I finished Babel No More, which is a book about hyperpolyglots. It's definitely a book of journalism rather than a book of linguistics, but as the author points out, linguists aren't really interested in hyperpolyglots because if you speak ten or twelve languages you are way outside the norm of what humans do with languages, in terms of personal motivation and time spent and also the distinction between "learning" and "acquisition" -- the difference between memorizing all the verb tenses, let's say, and having a gut feeling about what sounds right in a given sentence. There are people who speak 8 or 9 languages but use some of them only with a very restricted vocabulary and context -- maybe you use the language of tribe X only to trade cattle with them or something. And there are people who speak 4 or 5 languages and are fluent in all of them and use them daily, but it seems that 4 or 5 is probably the limit for that. Maybe 6, if you stretch. (Even the hyperpolyglots that the author talked to more or less admitted that they could only have spontaneous conversations in about 4-5 languages, and needed a bit of study to "reactivate" the other ones.)

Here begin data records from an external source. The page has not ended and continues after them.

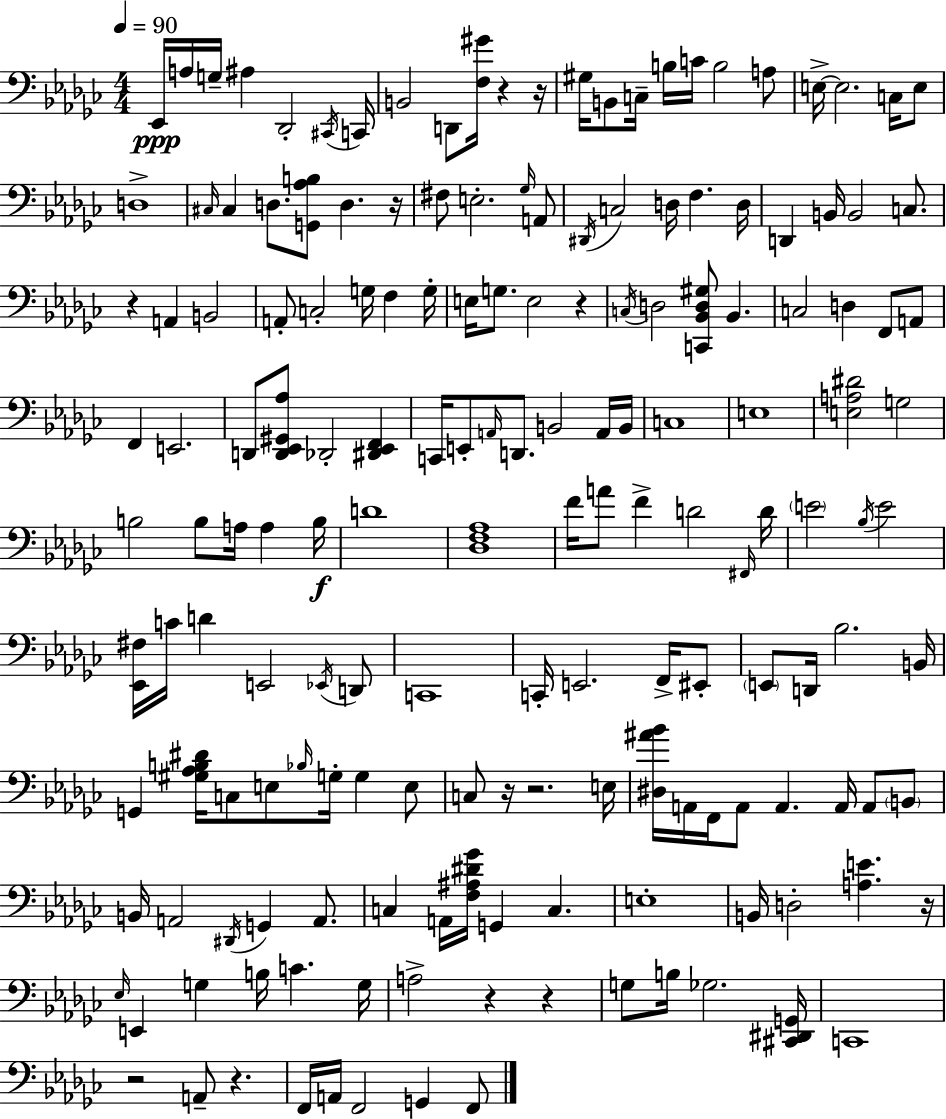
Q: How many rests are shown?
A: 12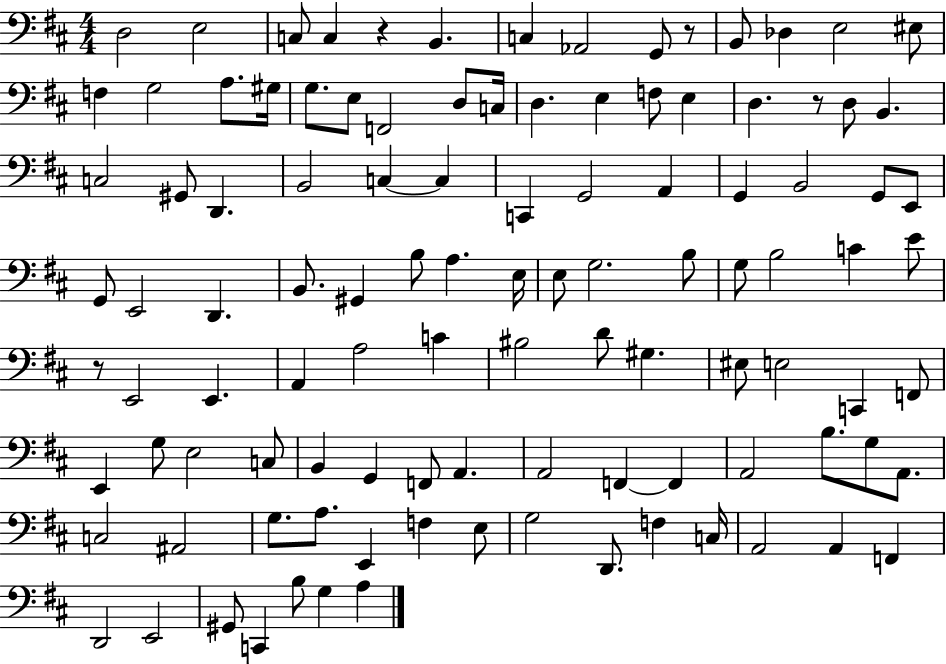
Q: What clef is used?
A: bass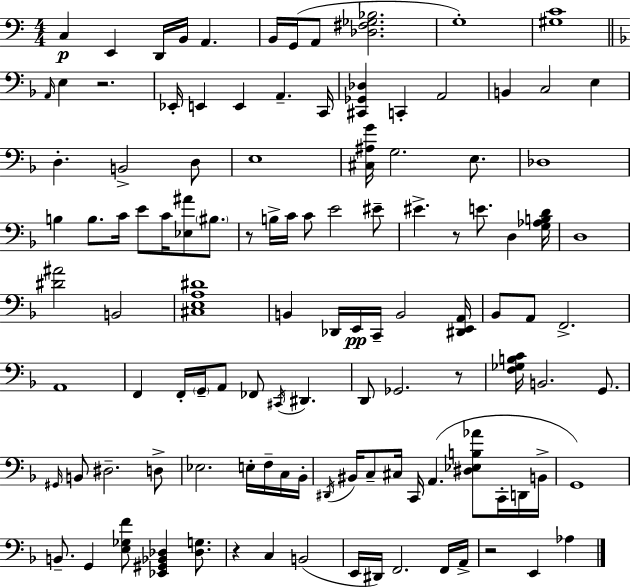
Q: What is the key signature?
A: A minor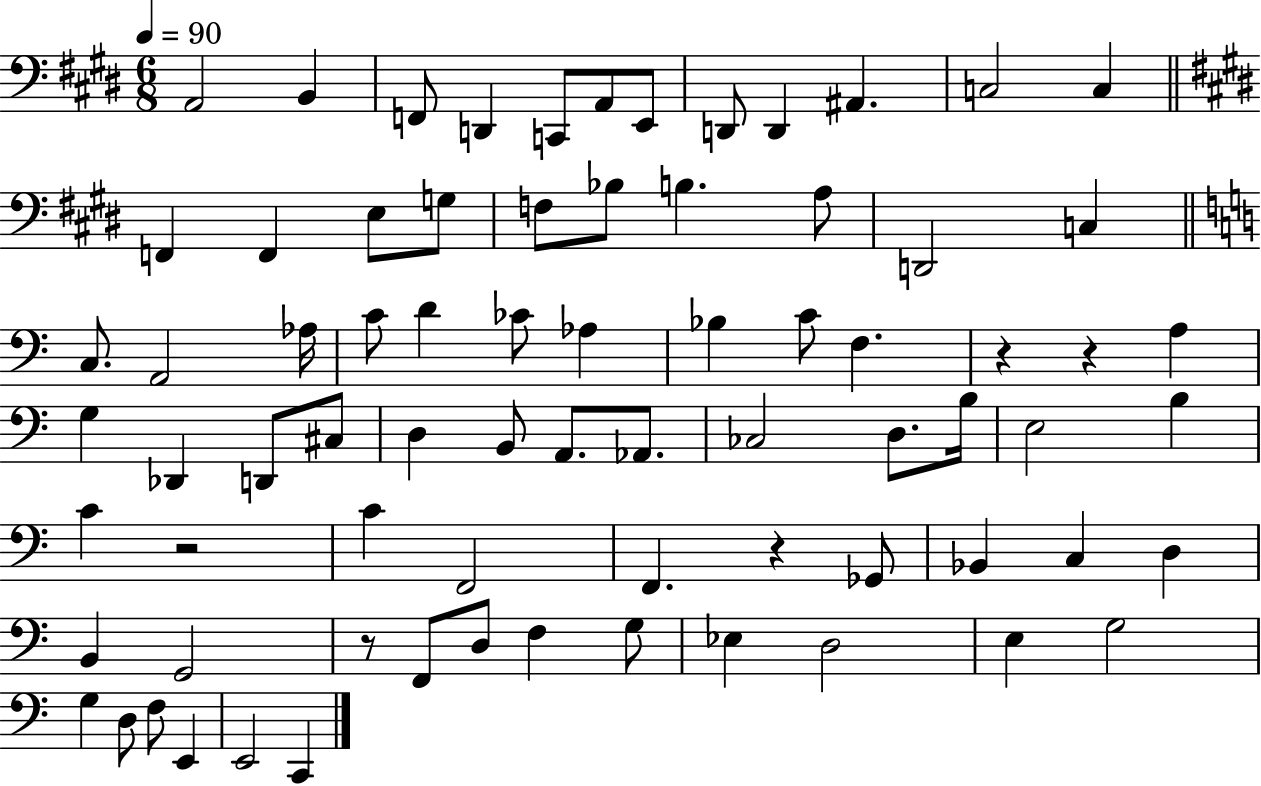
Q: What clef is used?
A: bass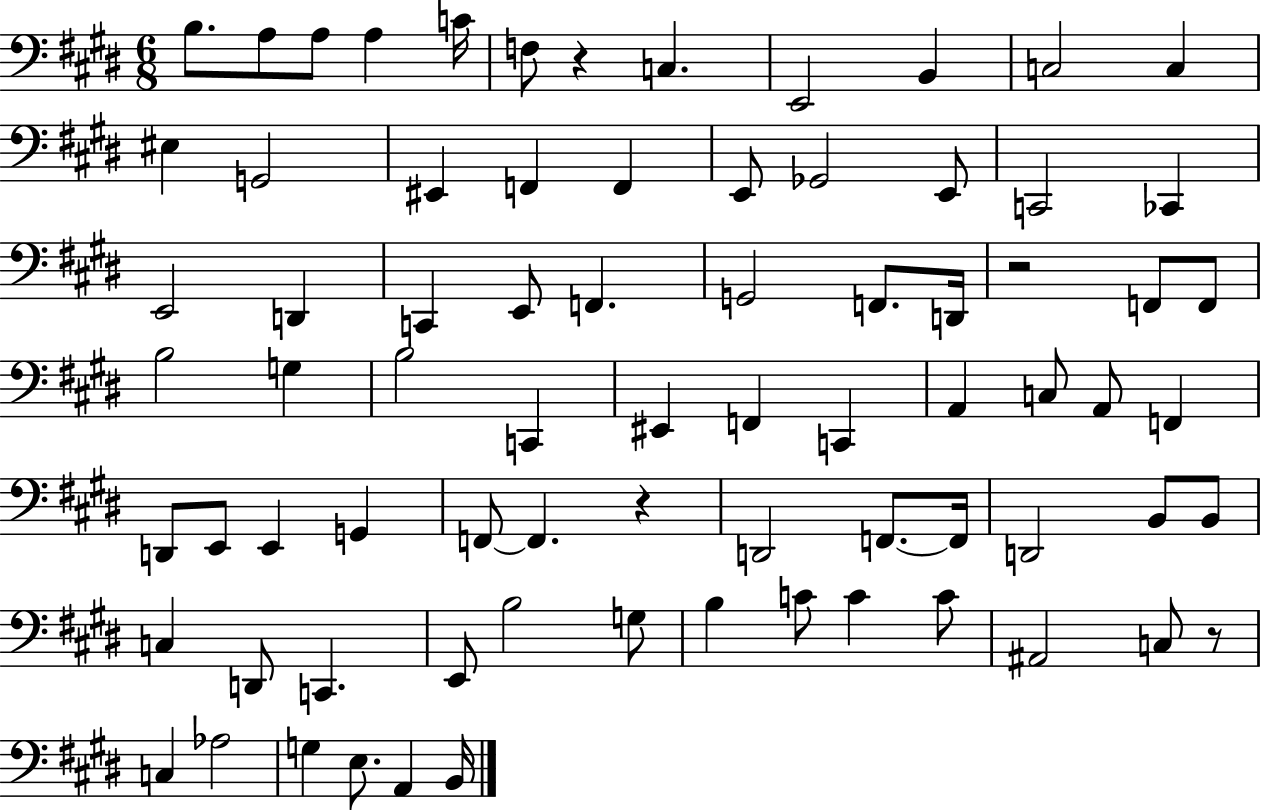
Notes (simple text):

B3/e. A3/e A3/e A3/q C4/s F3/e R/q C3/q. E2/h B2/q C3/h C3/q EIS3/q G2/h EIS2/q F2/q F2/q E2/e Gb2/h E2/e C2/h CES2/q E2/h D2/q C2/q E2/e F2/q. G2/h F2/e. D2/s R/h F2/e F2/e B3/h G3/q B3/h C2/q EIS2/q F2/q C2/q A2/q C3/e A2/e F2/q D2/e E2/e E2/q G2/q F2/e F2/q. R/q D2/h F2/e. F2/s D2/h B2/e B2/e C3/q D2/e C2/q. E2/e B3/h G3/e B3/q C4/e C4/q C4/e A#2/h C3/e R/e C3/q Ab3/h G3/q E3/e. A2/q B2/s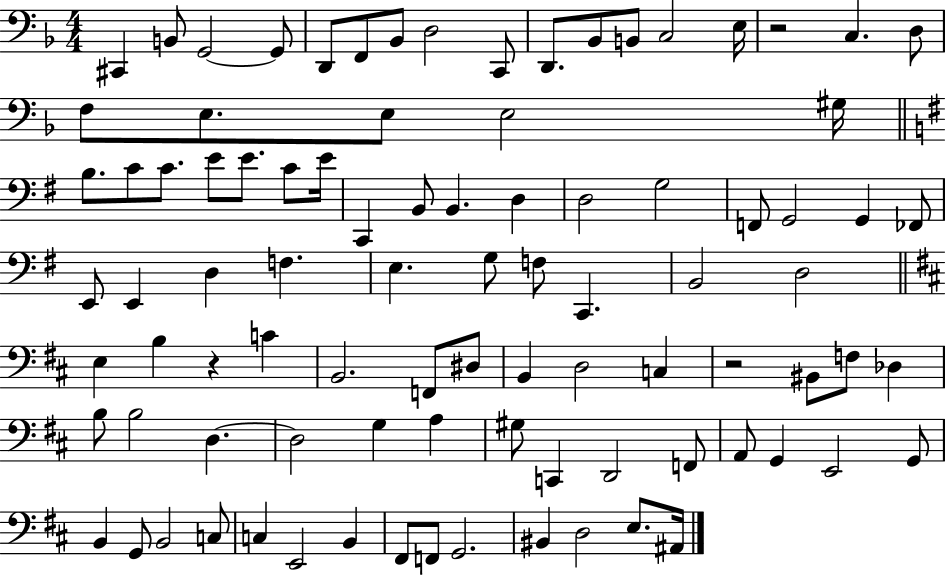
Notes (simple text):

I thought the book went off the rails a little bit when it went into the Geschwind-Galaburda hypothesis, which is the idea that there's a genetic connection between left-handedness, homosexuality, polyglottism, autoimmune problems, learning disorders, and talents in music, art, math, and foreign languages, which is related to prenatal spikes in testosterone exposure. I sort of look sideways at anything that looks like evolutionary psychology -- not that it's all nonsense, but so much of it is nonsense that just props up preconceived notions of Women Are Like This/ Men Are Like This. I think the low number of female polyglots is adequately explained by the barriers, until quite recently, for women getting involved in the military and diplomacy and international travel. There is also a free time issue, but it's not as if most men OR women typically have 14 hours in a day to devote to languages!
I think I was hoping to get good language learning tips from the book, which I didn't really get; but what I did get from it was valuable, because it was a reality-check on the idea that somehow I was Failing At Languages because I wasn't one of those people who could speak eight of them (you kind of need a monomaniacal obsession and a LOT of free time, and there's probably a certain amount of genetic talent that also helps a lot, even if Geschwind-Galaburda turns out to be completely false); and it was a reality-check on the idea that I should feel bad about being much better at reading any of my foreign languages than at having conversations even on very simple topics, because that actually seems to be pretty across-the-board among people who aren't multilingual from a young age. It's not my fault for being introverted or shy; it's actually a really hard thing because your brain needs to process a ton of stuff really quickly.
I actually feel kind of comforted by being almost at my limit for open language slots in my brain, so after I get a decent handle on Mandarin I can just worry about improving the languages I've already got rather than adding new ones.